S’il apparaît que les études sur l’armement tactique nucléaire suivent très rapidement les premières explosions atomiques soviétiques (1949), les réalisations ont pris un net retard sur celles des Américains. Jusqu’en 1955 environ, les forces terrestres de l’U. R. S. S. ont été peu affectées par l’arme nucléaire.
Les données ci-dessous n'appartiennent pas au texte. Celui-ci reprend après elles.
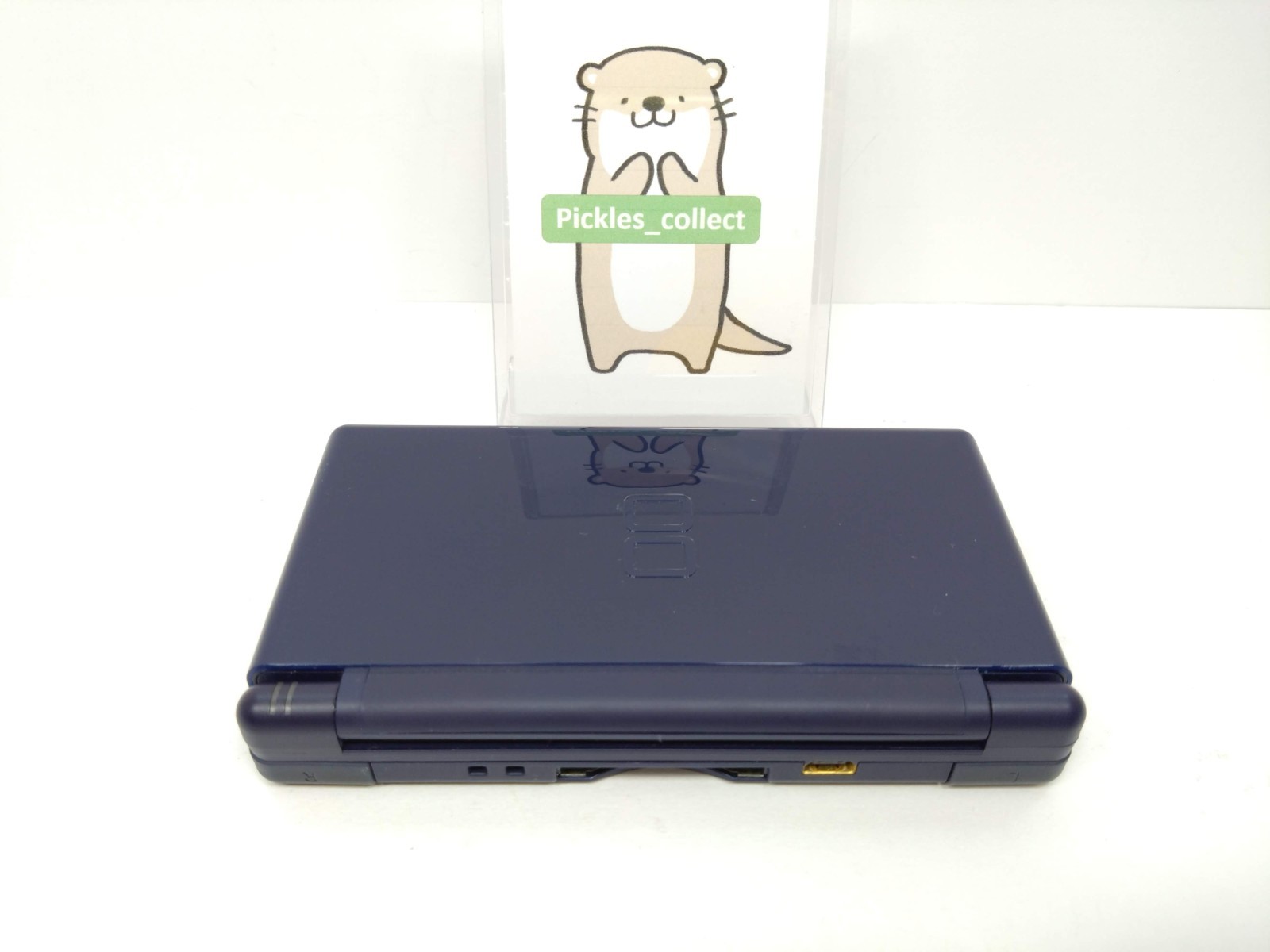 DS Lite Enamel Navy USG-001 w/GBA Connect Cover Tested Nintendo DS 0624A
Il semble que les premiers missiles soviétiques apparaissent en 1957, mais c’est en 1960 que leur importance est consacrée par la création de l’arme des fusées, dont le commandement est confié à des chefs de valeur, tels les maréchaux Mitrofan Ivanovitch Nedeline (1902-1960) et Kirill Semienovitch Moskalenko (né en 1902) en 1960 et le maréchal Sergueï Semienovitch Biriouzov (1904-1964) en 1962.

L’U. R. S. S. disposera rapidement de missiles à tête nucléaire, parmi lesquels on peut citer, avec le nom de code qui leur a été donné par les services américains :
— les roquettes « Frog », modèles « 1 » et « 2 » (1957, portée de 25 à 30 km) et modèles 3 et 4 (1960, portée de 36 à 50 km) ; ce sont des roquettes d’une longueur d’environ 10 m de la classe des « Honest John » américains, mais dont les rampes de lancement sont montées sur châssis de char (« Joseph Staline III » pour le « Frog 1 », char « P. T. 76 » amphibie pour les « Frog 2 », « 3 » et « 4 ») ; la série des « Frog » s’est prolongée dans les années 1960-1970 jusqu’au « Frog 7 », qui est un missile guidé ; certains « Frog » sont montés sur véhicules à roues, ce qui augmente considérablement leur mobilité tactique ;
— la série des « Scud », comparables aux « Sergeant », missiles sol-sol à un étage dont le modèle A, monté sur roues, a une portée estimée à 165 km, et le modèle B (1965), sur châssis de char, a une portée supérieure à 200 km (poids 4,5 t) ;
— le « Scaleboard » de la catégorie des « Pershing » est un missile probablement guidé par inertie, monté sur véhicule à roues, dont la portée serait de l’ordre de 700 à 800 km ;
— les canons atomiques, parmi lesquels un obusier de 203 mm lançant un projectile à charge nucléaire dont la portée (env. 30 km) serait supérieure à celle de son homologue américain.

• Les réalisations françaises

Si, comme celles de nombreux autres pays de l’O. T. A. N., les forces françaises ont été dotées de roquettes américaines « Honest John », des études furent menées dès 1965 pour équiper l’armée de terre d’un matériel tactique nucléaire de fabrication nationale. Ainsi fut construit le « Pluton », système d’armes qui est entré en service en 1974 et remplace progressivement l’« Honest John ».